From the line containing "Produktbild: Sauna Saunahaus" down to the last line of the records below, give every line again without any change.

• **DATA PROVIDED**
BEGIN

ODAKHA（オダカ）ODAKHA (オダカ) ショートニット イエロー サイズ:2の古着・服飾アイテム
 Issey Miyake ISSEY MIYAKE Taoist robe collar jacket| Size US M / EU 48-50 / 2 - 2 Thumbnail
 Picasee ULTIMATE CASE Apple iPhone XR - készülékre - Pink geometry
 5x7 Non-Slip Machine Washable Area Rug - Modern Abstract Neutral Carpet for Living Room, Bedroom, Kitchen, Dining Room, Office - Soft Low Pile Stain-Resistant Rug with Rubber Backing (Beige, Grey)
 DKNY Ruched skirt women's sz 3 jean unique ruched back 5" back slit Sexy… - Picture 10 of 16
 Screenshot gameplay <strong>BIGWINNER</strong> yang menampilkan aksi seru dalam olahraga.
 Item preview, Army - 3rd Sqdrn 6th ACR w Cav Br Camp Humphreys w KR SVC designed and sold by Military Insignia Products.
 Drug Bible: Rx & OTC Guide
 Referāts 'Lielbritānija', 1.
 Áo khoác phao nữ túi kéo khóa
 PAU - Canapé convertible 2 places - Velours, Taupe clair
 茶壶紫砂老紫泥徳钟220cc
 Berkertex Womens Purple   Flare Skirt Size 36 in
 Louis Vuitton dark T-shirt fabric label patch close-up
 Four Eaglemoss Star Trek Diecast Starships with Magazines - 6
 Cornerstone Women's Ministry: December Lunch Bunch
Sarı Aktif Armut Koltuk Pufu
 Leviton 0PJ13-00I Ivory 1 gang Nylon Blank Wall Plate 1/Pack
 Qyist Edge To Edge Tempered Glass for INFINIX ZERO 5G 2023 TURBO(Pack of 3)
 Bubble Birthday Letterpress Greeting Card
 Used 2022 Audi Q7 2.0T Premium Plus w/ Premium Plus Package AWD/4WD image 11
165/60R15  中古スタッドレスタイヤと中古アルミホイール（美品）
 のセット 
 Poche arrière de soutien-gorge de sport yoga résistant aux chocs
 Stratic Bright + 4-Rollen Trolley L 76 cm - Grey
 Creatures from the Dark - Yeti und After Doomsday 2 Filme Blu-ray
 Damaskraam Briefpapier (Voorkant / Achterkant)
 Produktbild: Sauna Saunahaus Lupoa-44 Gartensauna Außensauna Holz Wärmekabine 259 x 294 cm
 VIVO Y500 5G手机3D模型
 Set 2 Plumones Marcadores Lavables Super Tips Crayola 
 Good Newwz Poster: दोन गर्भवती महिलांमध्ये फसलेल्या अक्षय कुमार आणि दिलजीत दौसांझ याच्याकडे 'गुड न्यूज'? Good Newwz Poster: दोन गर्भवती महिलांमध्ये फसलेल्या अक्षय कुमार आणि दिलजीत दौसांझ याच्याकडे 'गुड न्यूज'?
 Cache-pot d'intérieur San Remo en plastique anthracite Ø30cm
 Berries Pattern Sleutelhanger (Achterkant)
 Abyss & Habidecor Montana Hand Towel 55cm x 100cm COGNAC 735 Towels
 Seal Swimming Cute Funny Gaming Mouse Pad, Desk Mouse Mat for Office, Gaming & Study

END

• **TASK ANSWER**
 Produktbild: Sauna Saunahaus Lupoa-44 Gartensauna Außensauna Holz Wärmekabine 259 x 294 cm
 VIVO Y500 5G手机3D模型
 Set 2 Plumones Marcadores Lavables Super Tips Crayola 
 Good Newwz Poster: दोन गर्भवती महिलांमध्ये फसलेल्या अक्षय कुमार आणि दिलजीत दौसांझ याच्याकडे 'गुड न्यूज'? Good Newwz Poster: दोन गर्भवती महिलांमध्ये फसलेल्या अक्षय कुमार आणि दिलजीत दौसांझ याच्याकडे 'गुड न्यूज'?
 Cache-pot d'intérieur San Remo en plastique anthracite Ø30cm
 Berries Pattern Sleutelhanger (Achterkant)
 Abyss & Habidecor Montana Hand Towel 55cm x 100cm COGNAC 735 Towels
 Seal Swimming Cute Funny Gaming Mouse Pad, Desk Mouse Mat for Office, Gaming & Study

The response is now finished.